Popular among data scientists, the IPython notebook is an emerging “standard” for delivering data workflows (unifying code, visuals and text). Embraced widely by Python programmers, it has made inroads in other communities (Julia, R, and GraphLab). IPython creator, Fernando Perez, and core developer, Brian Granger, are offering an in-depth overview to this popular platform.
If you want to learn about machine-learning, we have back-to-back tutorials from instructors who represent popular open source solutions. I’ve written about scikit-learn – an accessible, well-documented, Python machine-learning library, that’s very easy to use (thanks to IPython).
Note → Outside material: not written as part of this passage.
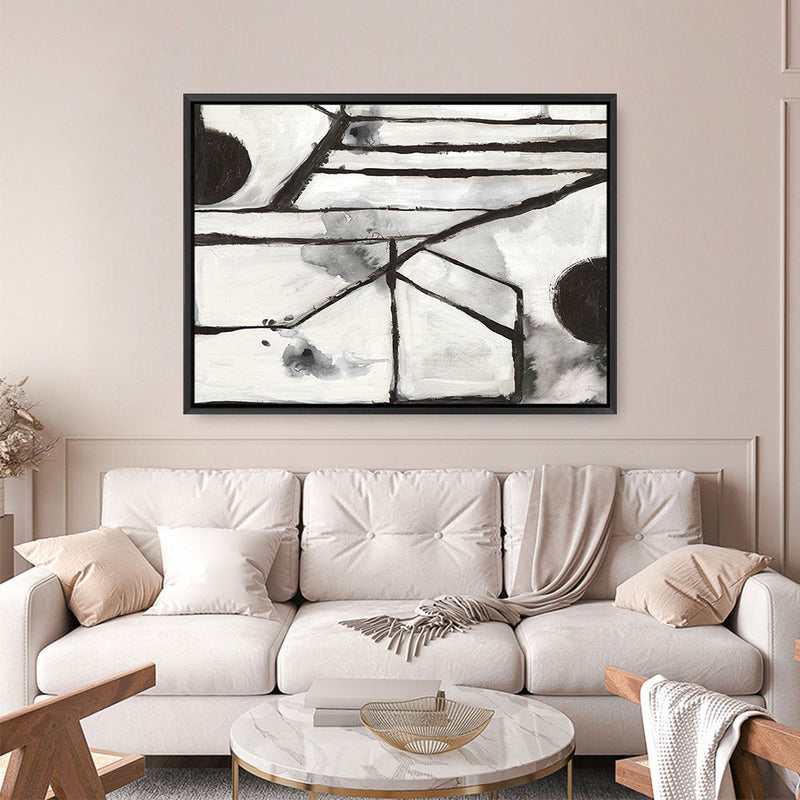 Shop Ancient Pathways I Canvas Print a painted abstract themed framed canvas wall art print from The Print Emporium artwork collection - Buy Australian made fine art painting style stretched canvas prints for the home and your interior decor space, TPE-PC-PI324-CA-35X46-NF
Olivier Grisel (a noted instructor and one of the core contributors to scikit-learn) is offering a hands-on tutorial that will introduce users to machine-learning via scikit-learn. Carlos Guestrin, distinguished Professor and founder of the GraphLab project, will lead a hands-on tutorial in machine-learning and graph analytics using GraphLab – an extremely fast, open source package for graph analytics. As I noted in an earlier post, a new startup is focused on IPython integration, a Python API and other features designed to make GraphLab accessible to a broader user base.
Big Data infrastructure
Companies who want to build a data platform should consider attending the tutorial designed by a team from Silicon Valley Data Science. We’re also bringing back AMP Camp: a popular series of talks and hands-on sessions on the Berkeley Data Analytics Stack (BDAS). Inspired by technology developed inside Google, Mesos was the original BDAS component. Mesosphere co-founder Florian Liebert and O’Reilly author Paco Nathan, will offer a tutorial on building data workflows with Mesos and related components (Chronos and Marathon).
Finally we have two tutorials on important developments and components in the Hadoop Ecosystem. Rich Raposa of Hortonworks will give an in-depth overview of Hadoop 2.0 (“… a generational shift in the architecture of Apache Hadoop”). Ronan Stokes of Cloudera will help attendees learn how to build realtime applications using Apache HBase.